Yet the Northern troops, men from Massachusetts, refused to be routed. They fell back in good order, carrying their guns with them, and stopping at intervals to fire with cannon and rifles at their pursuers. Jackson and his staff spurred through the Opequon. Water and mud flew in Harry's face, but he did not notice them. He was eager to be up with the first, because Jackson was still urging on the pursuit, even far into the night. Banks with his main force had escaped him for the time, but he did not mean that the Northern commander should make his retreat at leisure.
Harry had never passed through such a night. It contained nothing but continuous hours of pursuit and battle. The famous foot cavalry had marched nearly twenty miles that day, they had fought a hard combat that afternoon, and they were still fighting. But Jackson allowed not a moment's delay. He was continually sending messengers to regiments and companies to hurry up, always to hurry up, faster, and faster and yet faster.
Harry carried many such messages. In the darkness and the confusion his clothing was half torn off him by briars and bushes.
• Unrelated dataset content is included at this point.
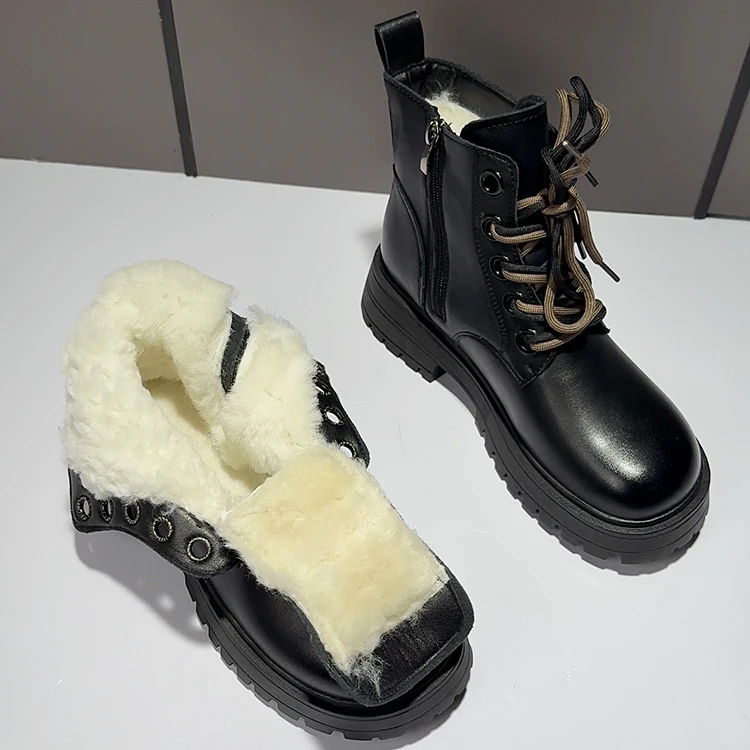 雪地靴女加绒加厚2024年新款大棉鞋秋冬季百搭羊毛靴皮毛一体百搭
His horse fell twice, stumbling into gulleys, but fortunately neither he nor his rider was injured. Often he was compelled to rein up suddenly lest he ride over the Southern lads themselves. All around him he heard the panting of men pushed to the last ounce of their strength, and often there was swearing, too. Once in the darkness he heard the voice of a boy cry out:
"Oh, Lord, have mercy on me and let me go to Hades! The Devil will have mercy on me, but Stonewall Jackson never will!"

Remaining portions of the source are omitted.